IoTを活用して事業を効率化・高収益化・人材不足を解消してみませんか 第3回

今回は、これからIoTを活用していこうと考えている皆様が、どのような観点で知財を意識すればよいのかのヒントになる事例として、(社)北海道発明協会様の月刊誌「発明北海道 11月号(11月10日発行)」に寄稿させていただいた事例をご紹介します。

◆特許を活用すれば大企業とも伍して勝負できる!?

 特許の取得にはお金がかかるし、効果もよくわからないから、消極的にならざるを得ないという声をよく耳にします。そこで、今回は、特許を効果的に取得した中小企業が、大企業と真っ向勝負をしてビジネスを成功させた事例をご紹介します。

「ペット用のIoTトイレ」のケース

 コトは2015年12月18日にシャープが「ペット用のIoTトイレ」の特許出願を行い、そのわずか1週間後の12月25日にユニ・チャームが同様の特許出願を行ったことに端を発しています。まさに運命のいたずらとしか言えないような偶然ですが、両社の特許はほぼ同じような内容でした。

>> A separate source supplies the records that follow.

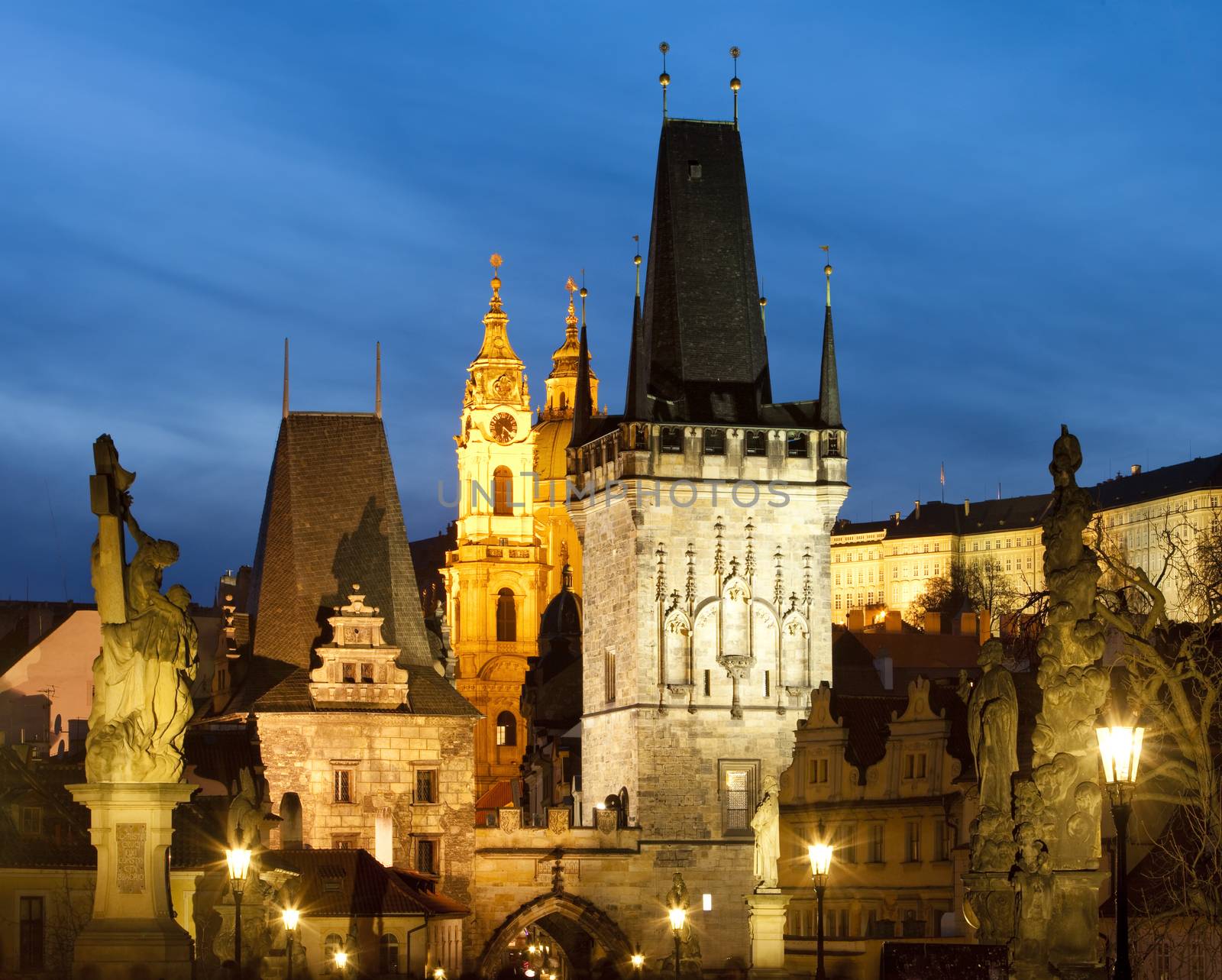 czech republic prague - charles bridge tower and st. nicolau church at dusk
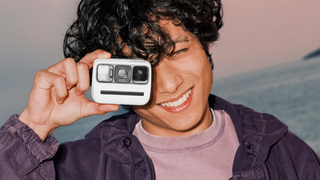 Young person using a Polaroid Now Gen 3 outdoors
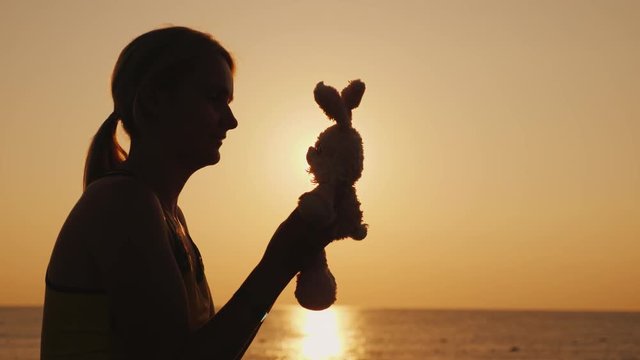 Silhouette A woman is playing with a toy bunny at dawn. Remember childhood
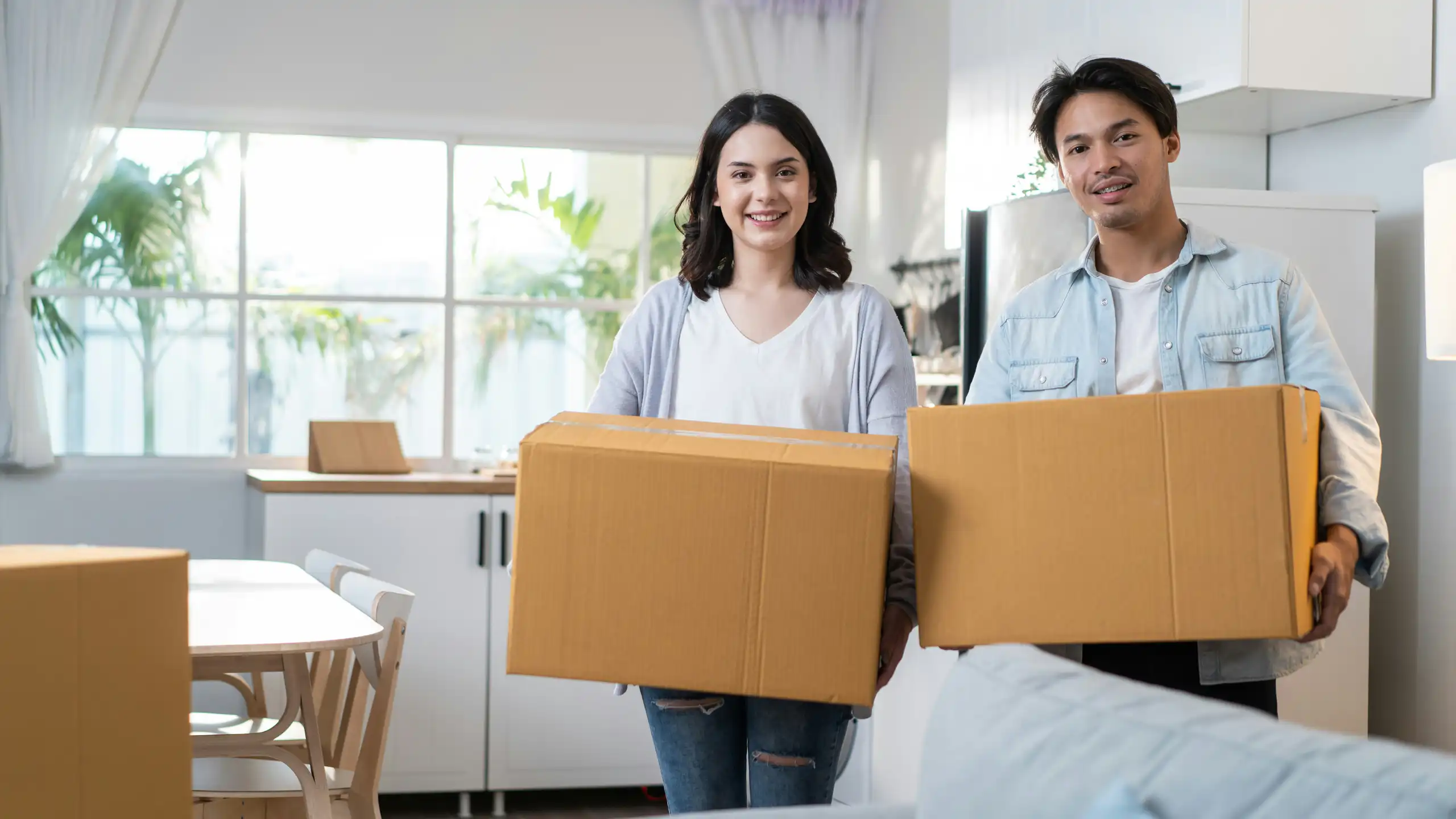 A man and a woman are standing in a the room of a house while holding moving boxes.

図1.ペット用IoT トイレの構成図 (ベースの図は特許6560468の図2より引用)
その後・・・

 ユニ・チャームの特許が一旦は成立しましたが、シャープがその特許に対して異議申立を行うなど、両者の間で潰し合いが始まります。いずれの特許も、重量センサを下容器に設けることにより、上容器のスリットを通り抜けて「下容器に落ちた尿の重さを直接的に測定」するアイデアでした。最終的にユニ・チャームの特許は訂正され、極めて狭い権利になってしまいました。

中小企業の戦略

 そんな中、両社の争いをじっくりと見ていた企業があります。それが(株)ハチたまという社員わずか11人の会社です。彼らは、2社の先行特許を研究して「下容器にはセンサを設けず、上容器の重量変化で尿の量を測定する」という回避策を見出して、①構造面とセンサの配置のIoT特許、②多頭飼いのための個体識別のAI特許、③獣医師と連携して尿の量や頻度や体重変化の関係から腎不全などの予兆を知らせる病状推定のビジネスモデル特許など、2018年前後に数件の特許出願を行いました。

図2.ペット用IoT トイレのパテントマップ(出願人別・年度別)

ハチたま社は、大企業の特許を回避した上で、新たな価値を生み出す技術を開発して特許化した結果、知財を活用した資金調達で4億円以上の成果を上げると共に、売上げや収益、顧客満足度等、ビジネス面でも成功を収めました。


このような成功を収めた背景として、

①ねこの利用頭数で2,000頭、健康データとして100万件を超えるデータを集め、

②そのデータを活用するためにデータサイエンティストやIT技術者を養成して、IoTやAIの開発に備えると共に、

③特許を通じて他社技術を把握したうえで、開発した技術を順次特許化するという知財戦略を採ったこと、

などが挙げられます。

株式会社ハチたまの会社情報

会社名株式会社ハチたま
所在地神奈川県藤沢市片瀬海岸
創業2015年3月
資本金1億2,752万円
従業員数11名
事業内容ペット関連サービス
企業理念ねこが幸せになれば、人はもっと 幸せになれる。
製品特徴「スマートねこトイレtoletta」は、ねこがトイレに入るだけで、自動でねこの健康データを取得し、スマートフォン上のアプリに通知するヘルスケアサービス
研究内容の特徴社内にはIT技術者やデータサイエンティストが在籍し、ねこ専門の獣医師と共同研究を行っている。